A complementary methodological approach applied in this study allowed for the capture of caregiver talk produced near (< 8–10 ft) and far from (> 8–10 ft) the key child (i.e., caregiver talk that would be accessible without an RMS and when wearing an RMS), in addition to the vocalizations produced by the child. That is, LENA DLP devices were worn by both the key caregiver and key child for each study condition and recording day. Both DLP devices recorded an average of 7 hr of data across families (range: 6–10 hr) each day for a mean total of 14 hr of sampling per family per weekend.
Data Reduction and Variable Derivation
Measuring Key Child Vocalizations
Vocal characteristics exhibited by children with hearing loss, with and without the use of an RMS, were derived from audio recordings collected by the key children's DLP. For the purposes of this project, day long audio recordings from the key children's DLPs for each study condition (RMS and No-RMS weekends) were uploaded to a computer with the LENA Pro software, which segmented the acoustic stream, labeled each time-stamped acoustic segment as being produced by the key child or one of several other predefined sources (see above), and parsed out key child productions that were speech-related from those that were not.
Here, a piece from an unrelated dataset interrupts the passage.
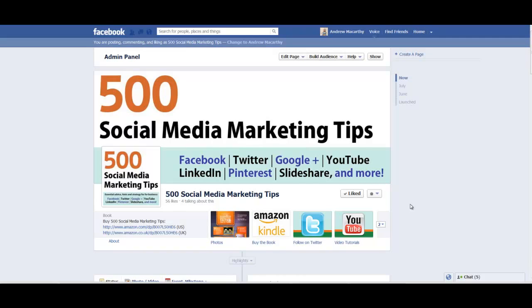In this video, I'm going to show you how to install the Facebook recommendation bar for your blog or website.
After segmenting and standard labeling by the LENA software, key child produced, speech-related productions were analyzed using three different software programs to derive indices of child vocal rate, duration, complexity, and reciprocity.
The LENA Advanced Data Extractor was used to obtain rate and duration information for speech-related vocalizations labeled as being produced by the key child during each recording day automatically. The metrics used to quantify key child vocal rate and vocal duration in analyses were mean frequency count per minute and mean vocalization duration as averaged across the two audio recordings collected on RMS and No-RMS weekends.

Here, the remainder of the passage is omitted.